Broadcast Tender Buttons
Like shortwave radio monologues listened to intently in a vintage Godard film, Broadcast‘s Tender Buttons is both washed out yet central and commanding. Inspired by the minimalist drone of French library music, as diffused through haunted capacitors, this British group-now pared to the duo of Trish Keenan and James Cargill-casts autumnal, emotionally self-contained vignettes on their third full-length (not counting 1997‘s singles collection). The Teutonic frostiness of The Velvet Underground and Nico hovers above ring-modulated modem handshaking trills, but this music is filtered a touch more through early ‘80s 8-bit workstations than ‘60s psyche-rock oscillators. With sparse clusters of drum machine and processed synths replacing live percussion, the sequences are scratchy and linear, sullen and frayed, while the breathy vocals are heavy-lidded folk. Buttons is a Criterion collection celebrating something not overtly active, but slowly unfurling until fully activating.

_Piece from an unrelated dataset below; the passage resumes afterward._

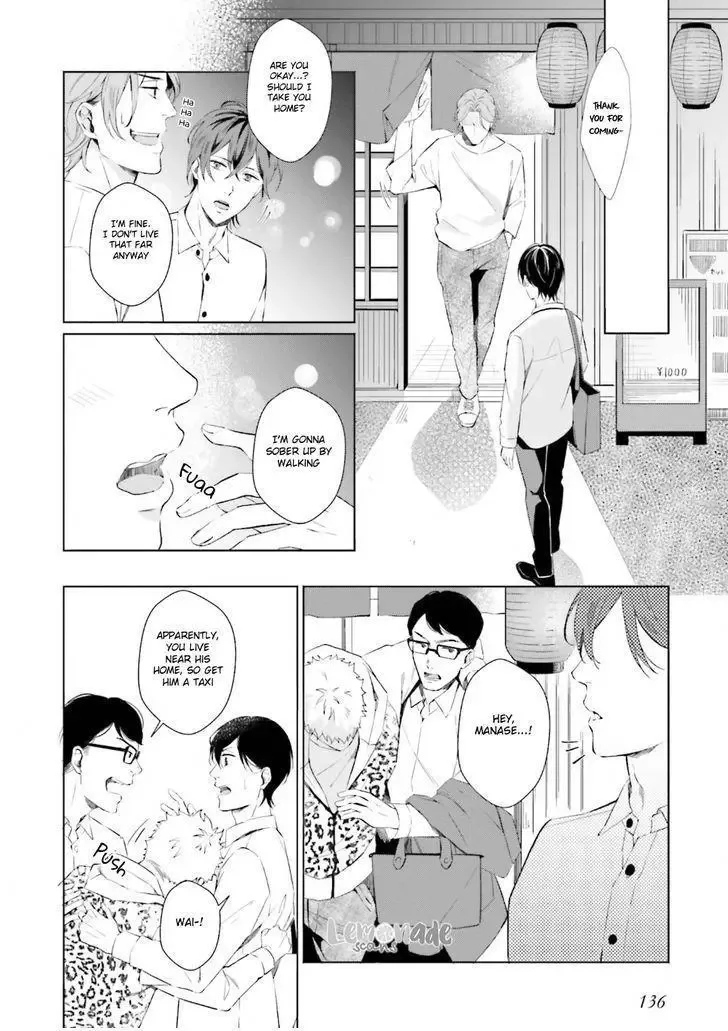 Kono Koi ni Mirai wa nai Chapter 4 page 26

Beautiful Skin Everything, All This and More
Stemming from Nick Forte (Computer Cougar, Rorschach), Beautiful Skin is no hardcore or punk outfit. Filled with a reverence for Kraftwerk and the ambiance of Eno, Everything, All This and More streams evocative waves of darkened-synth fervor and guitar-laden psychedelia accompanied by the looping asunder of vintage drum machines. Although compiled from tracks recorded between 1998 and 2001, Beautiful Skin invokes a moody, refreshing mystique that is as gripping now as it was seven years ago. Everything, All This and More is earnestly crafted and will challenge any disciple of decadent noise or modern New Wave.